19 September 2006

High jinks down under!

New Zealand always seemed to me a fairly dull place, perhaps a bit like Linlithgow in the 1950s. Sure, they have great rugby players and beautiful scenery (neither of which you could attribute to Linlithgow), but nevertheless it was not the place to go for excitement.

But its politics seems to have become more interesting by the day. The Independent reports:
"For seven years, he has been the man married to the woman who runs New Zealand, an unassuming figure at Helen Clark's side as she claimed a succession of election victories.
Now Peter Davis has been thrust into the spotlight that he shuns, with the quietly spoken sociology professor at the centre of a political sleaze scandal engulfing both main parties.
Ms Clark was forced to take the extraordinary step last weekend of denying that her husband was gay, after photographs were published of Mr Davis being embraced and kissed by one of the couple's oldest friends, Ian Scott, an Auckland MP who is openly homosexual.
The Prime Minister said the clinch was entirely innocent - Dr Scott, who was "reasonably boisterous and drunk" at the time, was one of hundreds of supporters who attended her post-election party at Labour Party headquarters last year."

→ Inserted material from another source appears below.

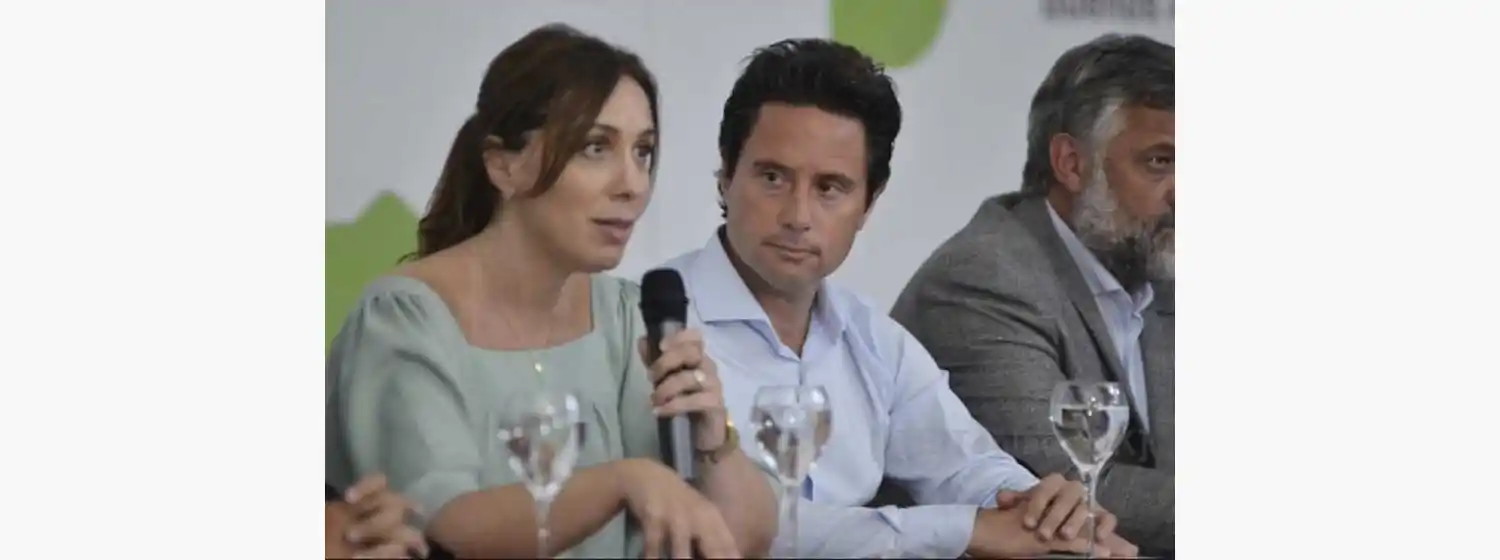 La Provincia prometió renovar la convocatoria a la paritaria docente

If this was not enough, read on:
"She made plain who she believed was behind the smear campaign: the opposition National Party, and its leader, Don Brash, who is fighting for his own political life amid allegations of an extramarital affair.
...
While Mr Davis is the last person that New Zealanders would expect to see caught up in a gay sex storm, Mr Brash is an equally unlikely lothario. The 65-year-old was governor of the country's Reserve Bank before entering politics in 2002, and - despite revealing that he was a conscientious objector in his youth and demonstrated against visits by the South African rugby team - he has struggled to convince voters that he has much charisma.
That all changed last week after Mr Brash was challenged by one of his own MPs in relation to rumours circulating about an affair with a wealthy Auckland businesswoman, Diane Foreman. The National leader refused to confirm or deny it. But after the discussion was leaked to a newspaper, he took two days' leave, saying that he hoped to sort out "difficulties" in his marriage."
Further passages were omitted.